The expat community isn't huge, but overall the morale is good. I did not have a good experience at all, but I had a high-profile job where I had to disappoint many people every day. My acquaintances who were doing more development and aid-type gigs were very popular with the local community and got into the culture, hung out together, etc. Also, families were happy and single men were happy.
2. What are some typical ways to socialize, either with local people or with other expatriates? Are there groups or clubs that you can recommend?
There are scary nightclubs but beyond that most folks hung out in each others' homes and pretended they lived elsewhere.
3. Is this a good city for single people? For couples? For families? Why or why not?
The families seemed very happy here. Tajiks love children, and on top of that the Embassy has lots of programs and such for families with kiddos. As a single person, I can say - no way, man. Actually, let me revise. Single men seemed to love it because Tajik women are stunningly beautiful and (forgive me) are eager to get to the U.S. For single women?
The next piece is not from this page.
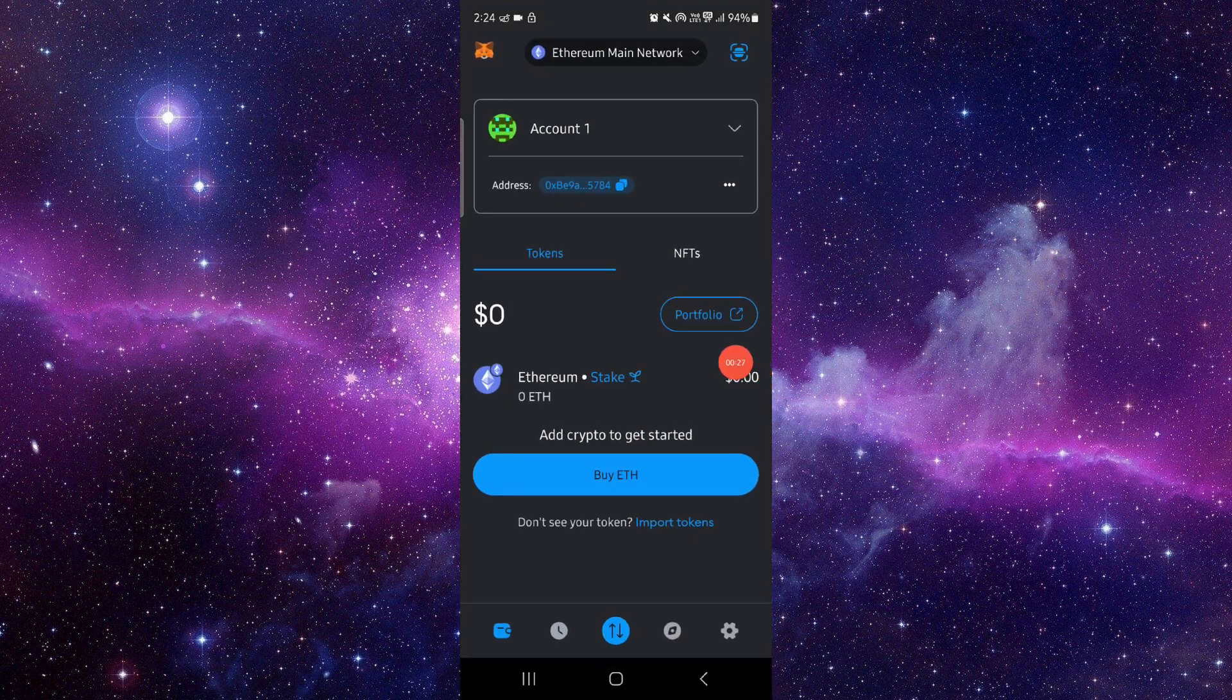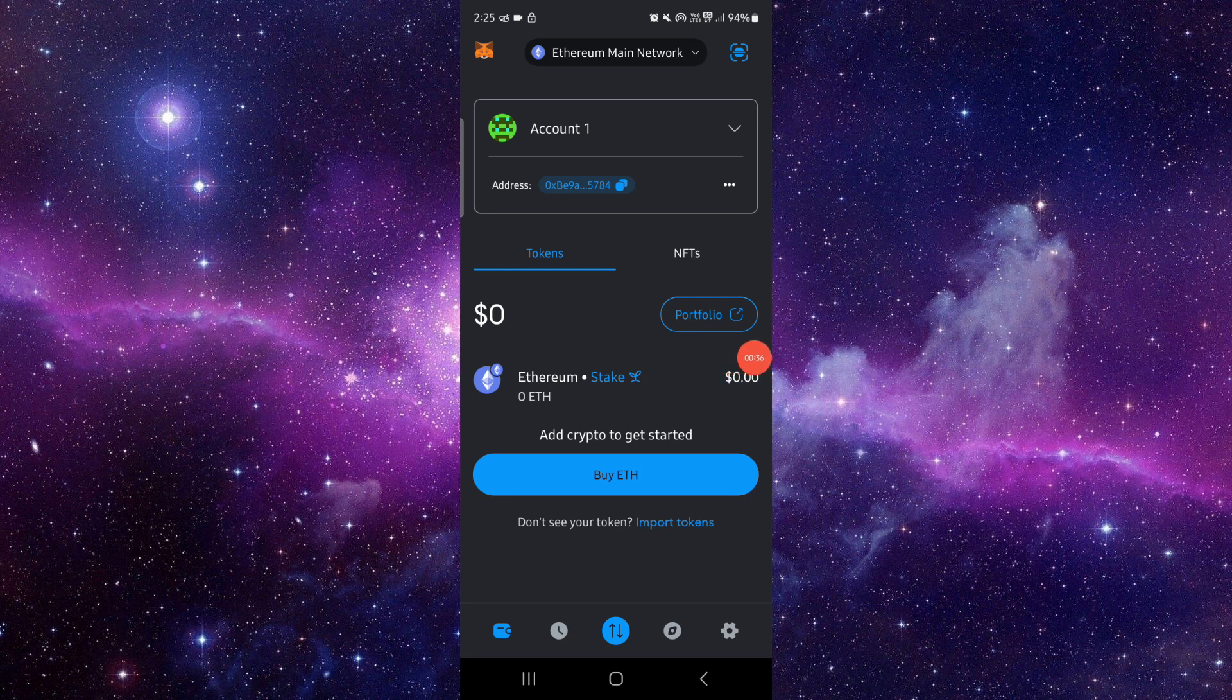So this is how to fix the MetaMask app crash problem. And if you find this video helpful, make sure you like, subscribe, and share the video. Thank you for your watch.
One of the worst places on earth!!!
4. Is this a good city for LGBT expatriates? Why or why not?
No. I had some very close gay European friends and they were fine but they kept a low profile. Aside from the Hyatt, there really weren't any places where they could be "open" in public.
5. Are there problems with ethnic, race/racial minorities or religious prejudices? Gender equality?
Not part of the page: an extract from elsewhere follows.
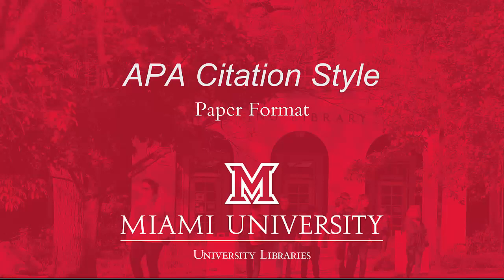APA 7th edition has two paper formats, student and professional. This video will show you the features of the student paper using a template.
Yes. Tajik women are 2nd class citizens here and Western women are treated like honorary men, but weirdly. I always made Tajik men uncomfortable when I shook their hands.
6. What have been the highlights of your time in this country? Best trips or experiences?
Visiting a part of the world I otherwise would never have seen.
7. What are some interesting/fun things to do in the area? Can you recommend any “hidden gems"?
Some folks enjoyed watching Bushkashi, but I'm a vegan and that always kinda bothered me. If you hike or are a crazy, safety-ignoring skiier/adventurer, you can have fun in the mountains. Unfortunately, I am a city gal and had a horrendous time.
8. Is this a "shopping post"? Are there interesting handicrafts, artwork, antiques, or other items that people typically buy there?
Suzanis are pretty, and beaded necklaces.
9. What are the particular advantages of living in this city?
Saving money if you don't go nuts with online shopping.
10. Can you save money?
If you do not try to travel or do lots of online shopping.
Words of Wisdom:
1. What do you wish you had known about this particular city/country before moving there?
I was pretty well-informed and steeled for my experience.
2. Knowing what you know now, would you still move to this city?
Absolutely not. Never. No way. No.
3. If you move here, you can leave behind your:
Romantic notions of an adventure on the Silk Road.
4. But don't forget your:
Wine (if you love it as much as I do), sense of humor, cash for trips out of the country, Ziploc bags, aluminum foil, nice sheets...
5. Do you have any other comments?
I recognize that my review is very negative. I did not choose this place. I hated my time in Dushanbe and still wake up in a cold sweat after nightmares about the place. HOWEVER, families with small children who love nature fared much better than I did. For a single woman who enjoys cities, travel, healthy food, a liberal environment, a lively cultural scene and the sea, this is about the worst place on earth.